April 21, 2009
I mentioned this in one of our discussions: Wars apparently are becoming more and more deadly for civilians. Of the deaths caused by each of the following wars, here are the percentages of those deaths being civilian deaths:
World War I: 14%
World War II: 67%
Wars of the 1980′s: 75%
Wars of the 1990′s: 90%
(The book those statistics are from is: WAR AND PUBLIC HEALTH, edited by Barry S. Levy and Victor Sidel, New York: Oxford University Press, 1997.)
April 16, 2009
I find Gene Sharp’s The Politics of Nonviolent Action very interesting! Part One begins with an analysis of power. Sharp talks about how power is given to leaders from the people (rather than emanating down from the leaders). And power is given primarily through the people’s obedience. An implication of this is that if power is oppressive, even that oppressive power is permitted by the people’s own complicity.
Sharp outlines the reasons why people obey. Here they are (pp. 19-24):
- Fear of sanctions
- Moral obligation
- Psychological identification with the ruler
- Zones of indifference
- Absence of self-confidence among subjects
Sharp points out that none of these factors alone is sufficient to explain obedience: they work together in various combinations to explain obedience in different situations.
In general, obedience helps keep society organized and functioning smoothly. But when the ways that power plays out in society become problematic (unjust), it becomes important to question whether we wish to remain complicit. It can be helpful to go back to the above listing as a way of becoming aware of the mechanisms of our complicity. We can translate them into questions we can ask ourselves:
- Am I cooperating with this unjust system just out of habit?
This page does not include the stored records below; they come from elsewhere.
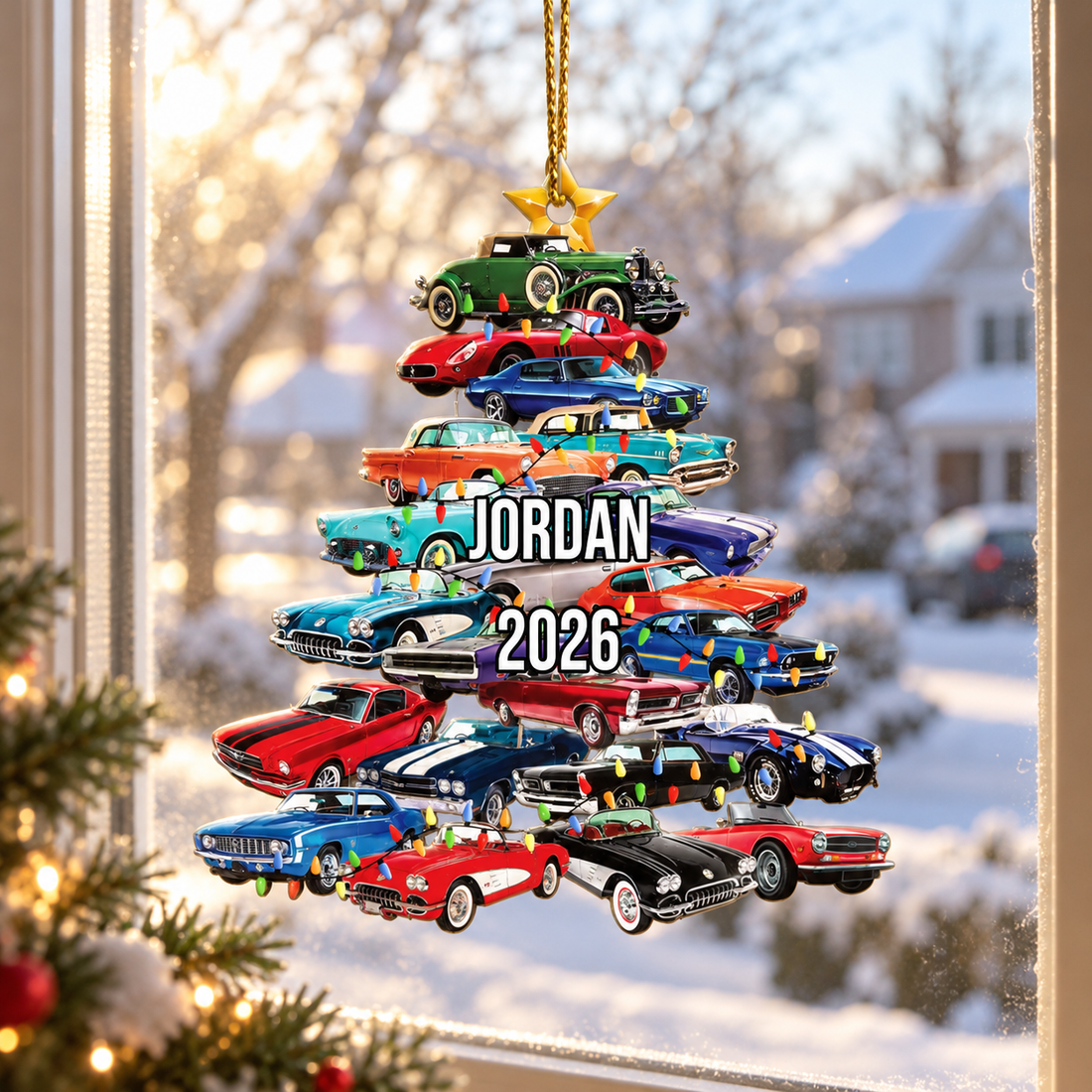 Custom stacked classic cars Christmas tree ornament with name Jordan hanging in a sunny window with snow outside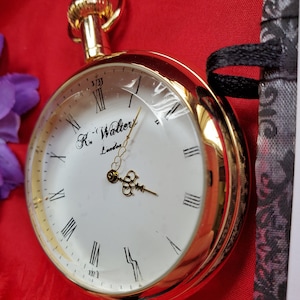 May include: A gold-colored pocket watch with a clear face and Roman numerals. The watch face is white with the text "R. Walters London". The watch is set against a red background.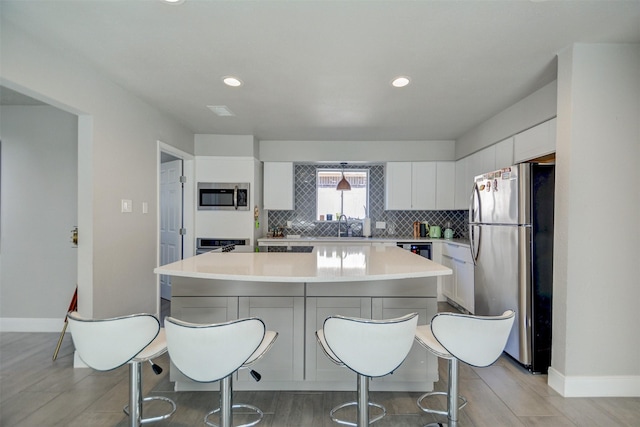 kitchen featuring stainless steel appliances, a center island, sink, white cabinetry, and backsplash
- Am I cooperating with this unjust system because I am afraid? What exactly am I afraid of? What is the worst thing that could happen if I disobey? Is the worst-case scenario the most likely scenario? Is the most likely scenario really that bad (especially in comparison to the injustice currently being permitted by the unjust system)?
- Do I have a continued moral obligation to obey in order to preserve order, or do I have a moral obligation to disobey unjust commands (civil disobedience)?
- Am I personally benefiting from the unjust system? If so, can I rest content with that, knowing the cost for others? Or is it important for me to gain advantage while I can, in hopes that this can help me to address the problem more significantly in the future?
- Am I in some ways identifying with the rulers: giving them the benefit of the doubt; hoping to be in their place some day; etc.? Am I obeying because of loyalty? Is it okay to let that loyalty override my concerns about the unjust ways that the power is being played out?
- Do I just not care so much about these matters, having other things going on in life that I want to focus my attention on, not wanting to take the risk of disobedience because of how it might disrupt my life too much, interfering with my ability to attend to the other things I wish to do?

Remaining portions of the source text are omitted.